In order to make SLO querying/dashboarding/etc more straightforward and maintainable in the longer term, we should identify an approach to organize and name our SLI metrics in a reasonably standard way, and explore what tools/approaches could help us keep this maintainable as SLO coverage grows in terms of services.
Since we're relatively early in the process (in terms of service coverage), I think finding a common ground that suits a majority of services generally, making it easier to template queries and dashboards would be a sufficient milestone to consider this task complete.
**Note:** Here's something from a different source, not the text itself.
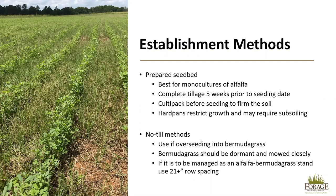No-till methods can also be successful when establishing alfalfa. If you are overseeding your alfalfa into bermudagrass, this is the preferred method. The bermudagrass should be dormant and mowed closely to prevent any competition or shading. If you want to manage this as an alfalfa-bermudagrass mixed stand, the alfalfa needs to be planted at least 21 inches apart to prevent the alfalfa from over-competing with the bermudagrass.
In my mind essentially covering the 80% use case moreso than 100%, and planning/allowing for per-service customizations where needed.
Here's a first take on a checklist for the purposes of a near-term deployment (please expand, update, clarify, etc. and as the steps become more concrete we can branch off into more detailed subtasks):
- Manually build (2) SLO dashboards (for 3 total, including etcd), approximately following the scheme outlined by https://grafana.wikimedia.org/d/iyumW7LGz/etcd-slos?orgId=1 (optimizing/updating where necessary, but trying to follow this as a draft template)
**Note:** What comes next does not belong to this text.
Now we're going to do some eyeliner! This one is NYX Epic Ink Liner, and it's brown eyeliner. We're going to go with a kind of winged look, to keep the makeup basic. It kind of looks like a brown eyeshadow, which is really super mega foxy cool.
- Using these dashboards, identify where we have commonality in terms of queries, graphs, percentages, and think/discuss how to abstract these into a generalized SLI scheme. (e.g. how do we best map latency metrics for many services into a common scheme, as opposed to allowing dashboards to sprawl with per-service metric customizations?)
- Propose/identify naming/organizing schemes that support this, and investigate approaches/tooling to keep these maintainable as the usage and number of dashboards grows.
- Experiment with tooling identified, package, deploy puppetize, etc.
- Draft guidelines for SLI scheme, including naming, mapping, constraints, and how to approach per service customizations.
- Deploy practices/tooling to production (metrics gathering, dashboarding, etc.)